[[ Raw data open ]]

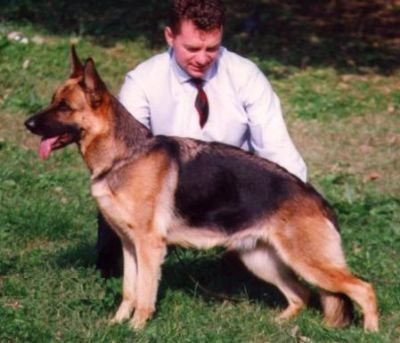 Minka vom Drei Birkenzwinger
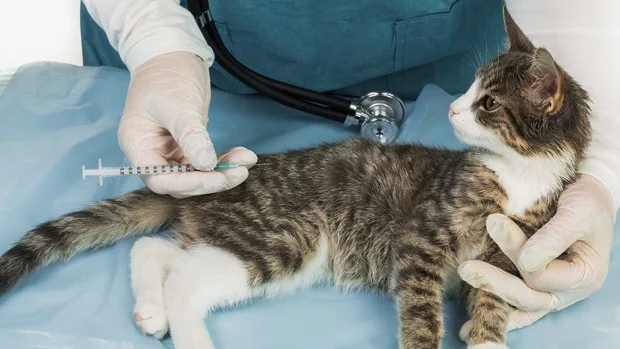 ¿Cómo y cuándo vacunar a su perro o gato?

[[ Raw data closed ]]
[[ Raw data open ]]

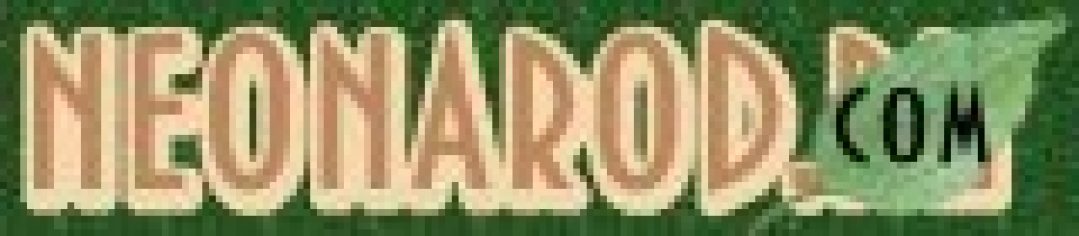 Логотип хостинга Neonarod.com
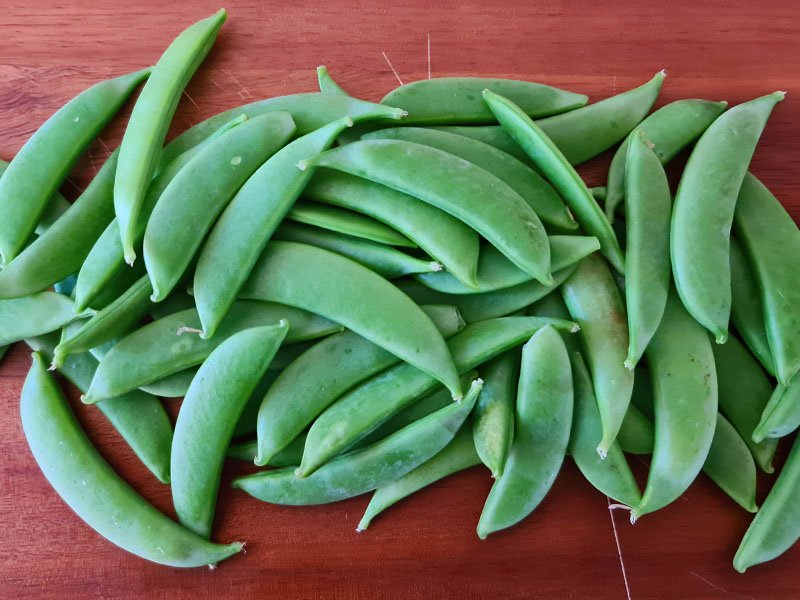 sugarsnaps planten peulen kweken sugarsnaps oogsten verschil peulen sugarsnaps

[[ Raw data closed ]]

Starting at the line with "Minka vom Drei Birkenzwinger" and finishing at the line with "perro o gato?", copy the material above exactly, both lines included. Nothing else goes in, and no pictures.

 Minka vom Drei Birkenzwinger
 ¿Cómo y cuándo vacunar a su perro o gato?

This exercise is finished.